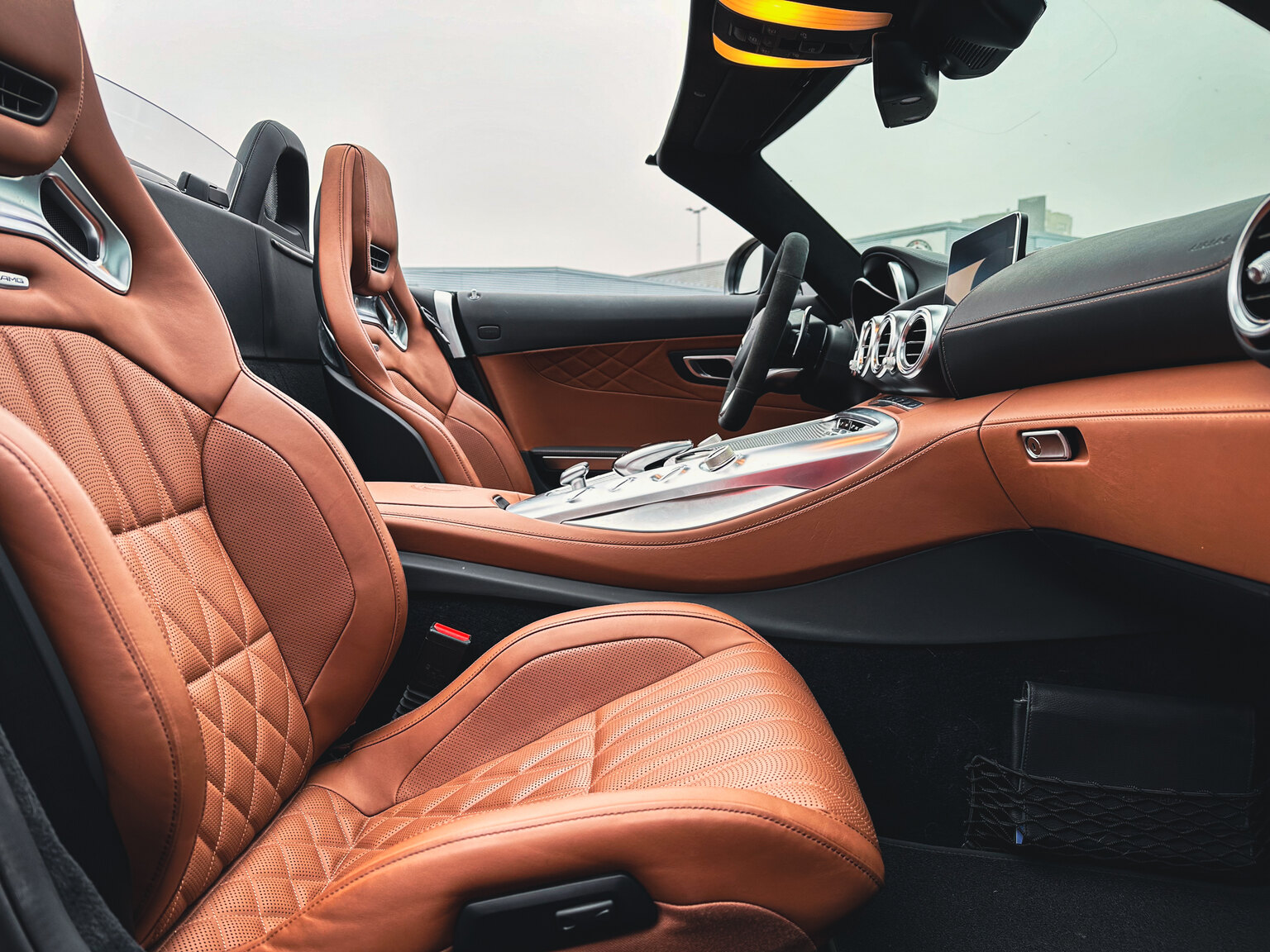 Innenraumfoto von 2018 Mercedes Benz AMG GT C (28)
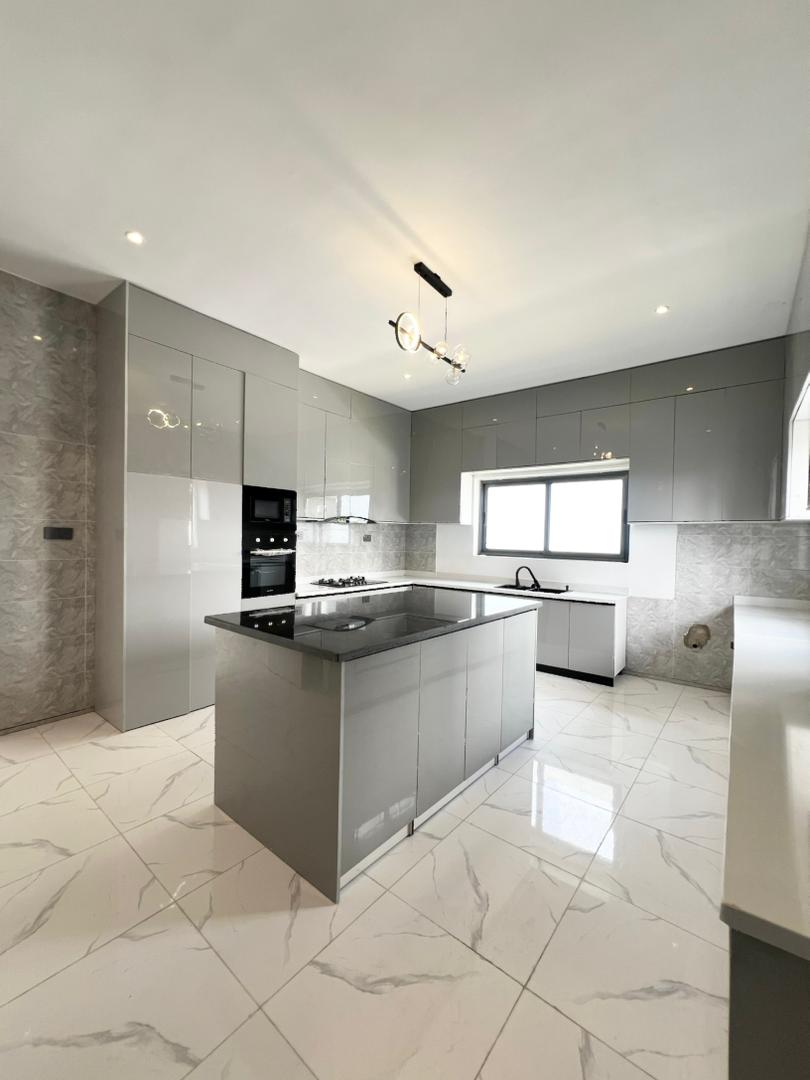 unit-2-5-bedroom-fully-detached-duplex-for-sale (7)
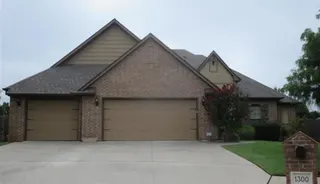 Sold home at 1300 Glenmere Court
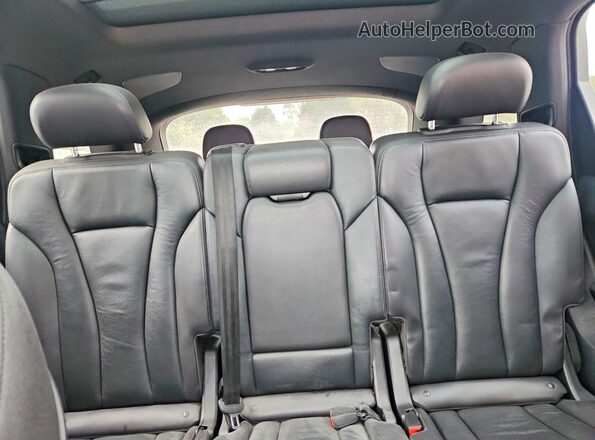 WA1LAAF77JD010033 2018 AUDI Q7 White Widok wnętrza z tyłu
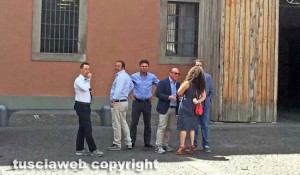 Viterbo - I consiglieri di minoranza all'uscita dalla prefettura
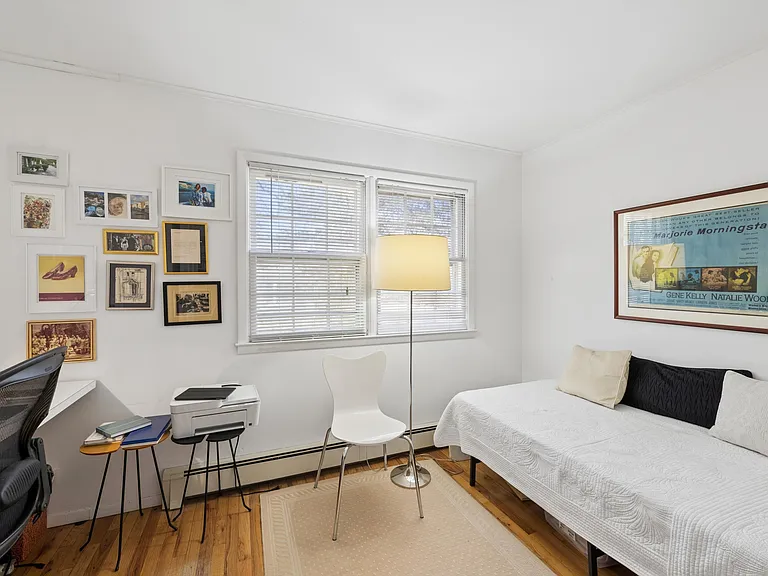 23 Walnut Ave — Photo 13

==========

Your task is an exact transcription of all the data, minus the pictures.

Your response:
 Innenraumfoto von 2018 Mercedes Benz AMG GT C (28)
 unit-2-5-bedroom-fully-detached-duplex-for-sale (7)
 Sold home at 1300 Glenmere Court
 WA1LAAF77JD010033 2018 AUDI Q7 White Widok wnętrza z tyłu
 Viterbo - I consiglieri di minoranza all'uscita dalla prefettura
 23 Walnut Ave — Photo 13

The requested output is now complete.